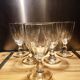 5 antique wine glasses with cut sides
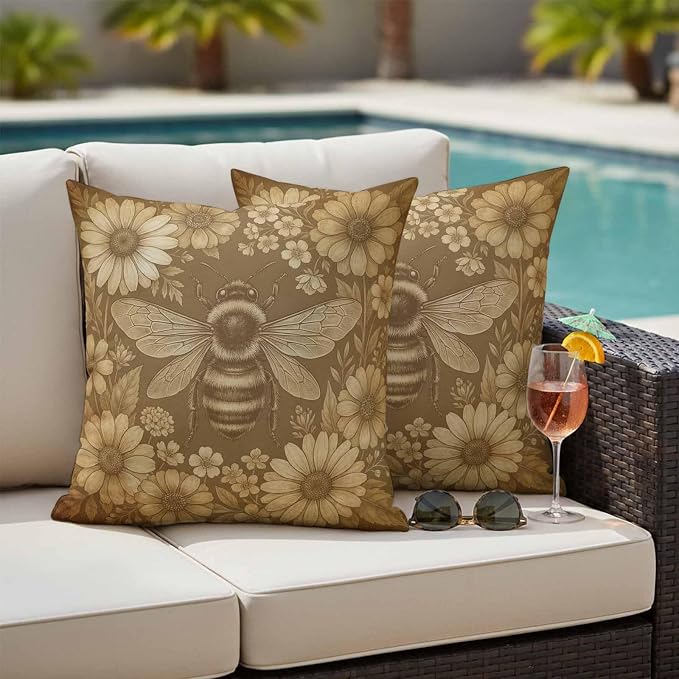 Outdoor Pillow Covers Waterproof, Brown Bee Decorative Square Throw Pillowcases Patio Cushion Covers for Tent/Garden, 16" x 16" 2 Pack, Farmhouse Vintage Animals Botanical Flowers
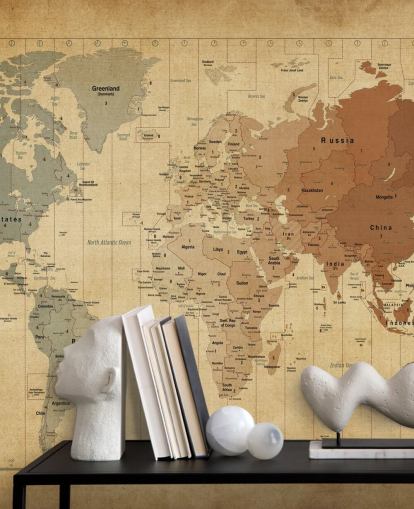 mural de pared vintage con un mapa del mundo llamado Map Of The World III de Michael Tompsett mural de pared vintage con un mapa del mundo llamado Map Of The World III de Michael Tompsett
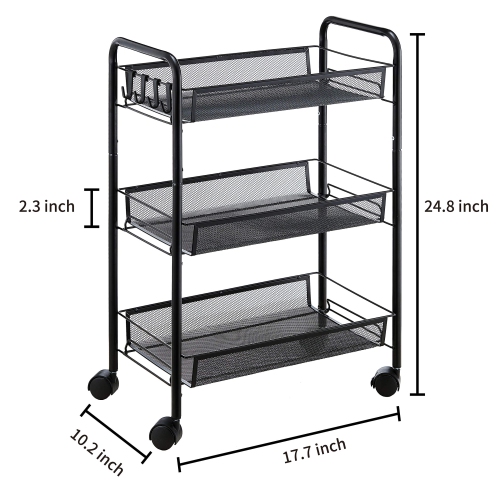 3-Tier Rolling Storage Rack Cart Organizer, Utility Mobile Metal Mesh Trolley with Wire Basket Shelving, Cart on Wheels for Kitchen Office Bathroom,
--
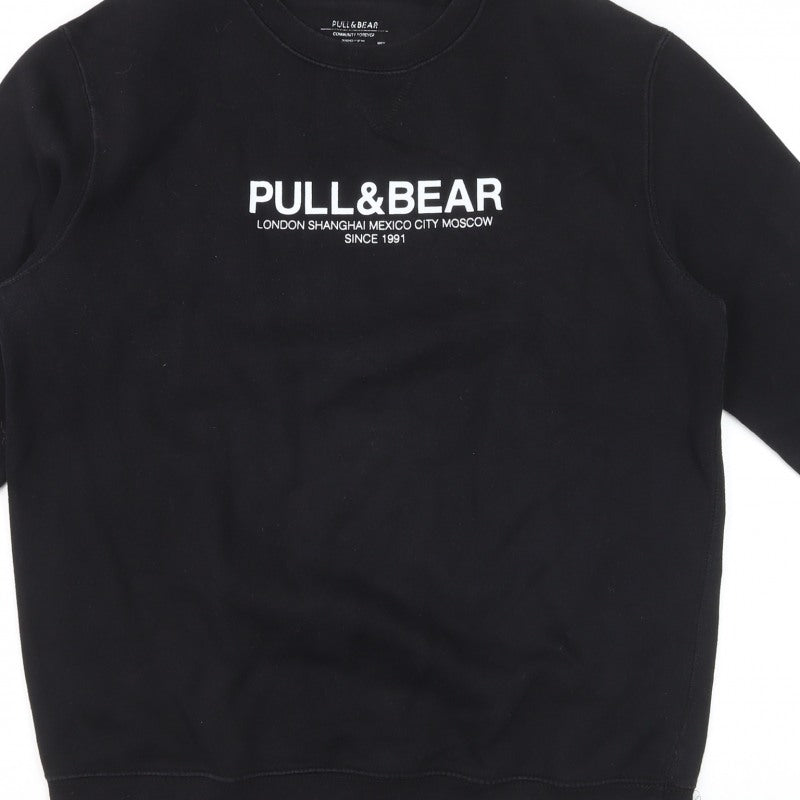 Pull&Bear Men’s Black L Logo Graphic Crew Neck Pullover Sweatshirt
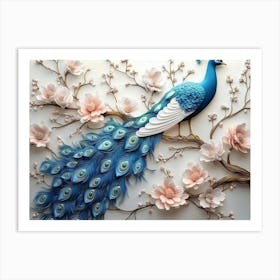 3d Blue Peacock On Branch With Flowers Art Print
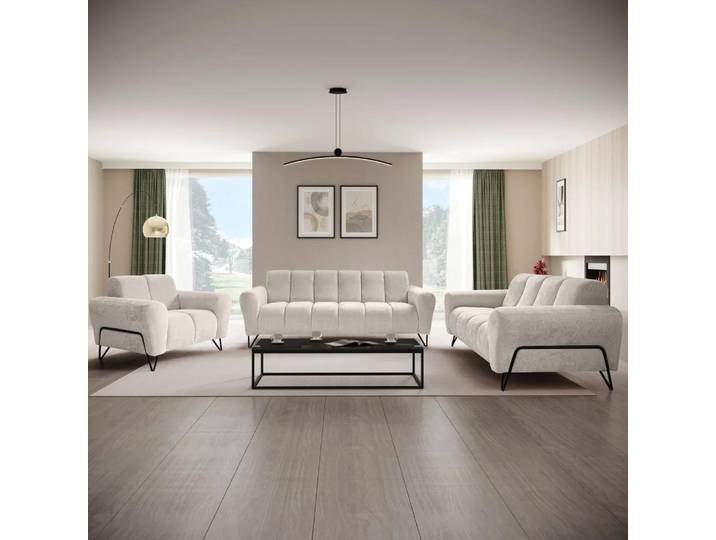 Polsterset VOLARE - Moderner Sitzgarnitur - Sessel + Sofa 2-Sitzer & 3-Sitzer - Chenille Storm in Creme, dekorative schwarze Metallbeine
...
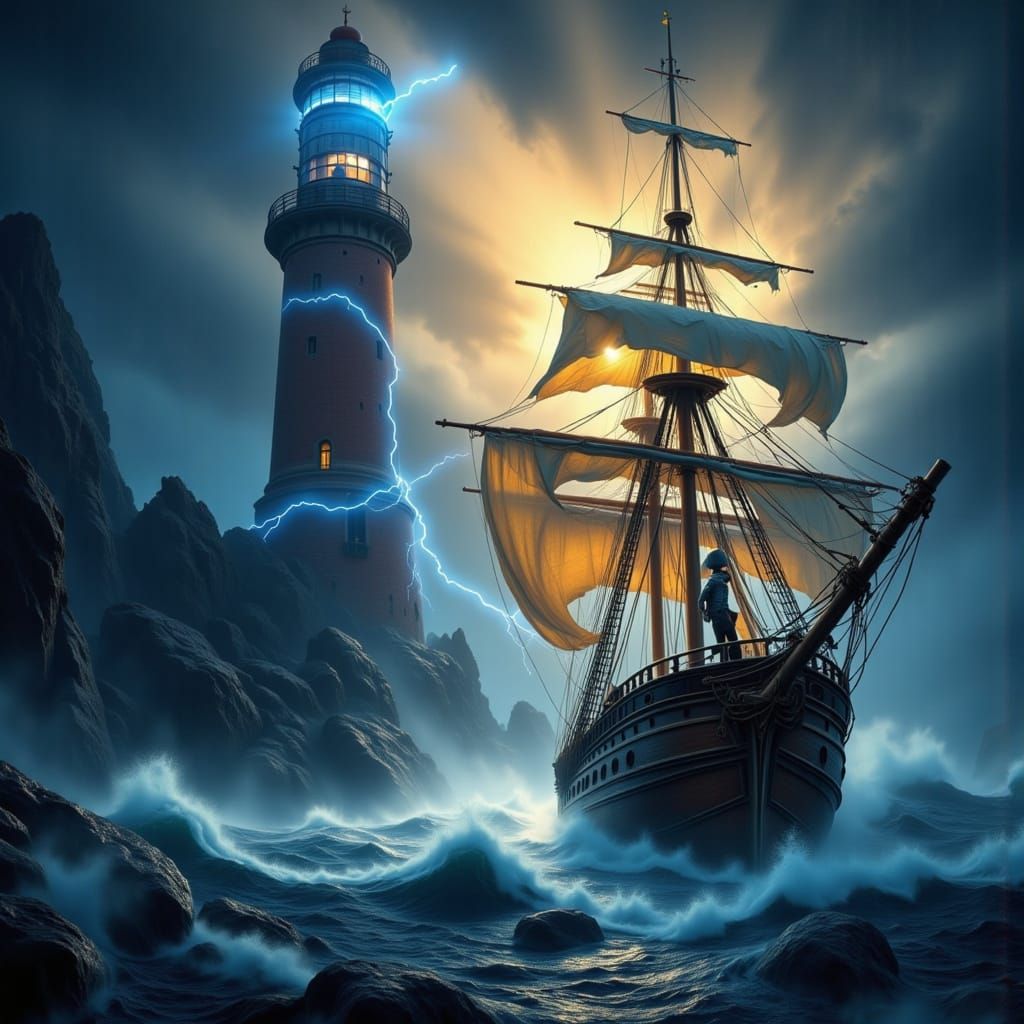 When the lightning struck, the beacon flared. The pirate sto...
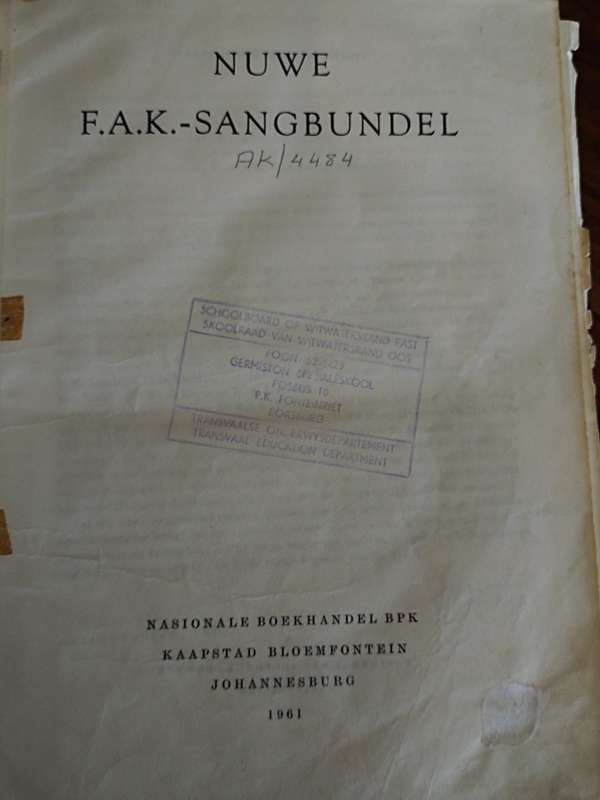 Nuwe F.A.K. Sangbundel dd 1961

● **Task brief**:
I would like the exact lines from the data above, starting with the one that holds "Pull&Bear Men’s Black" and going on through the one that holds "Polsterset VOLARE - Moderner", without the pictures.

● **Result**:
 Pull&Bear Men’s Black L Logo Graphic Crew Neck Pullover Sweatshirt
 3d Blue Peacock On Branch With Flowers Art Print
 Polsterset VOLARE - Moderner Sitzgarnitur - Sessel + Sofa 2-Sitzer & 3-Sitzer - Chenille Storm in Creme, dekorative schwarze Metallbeine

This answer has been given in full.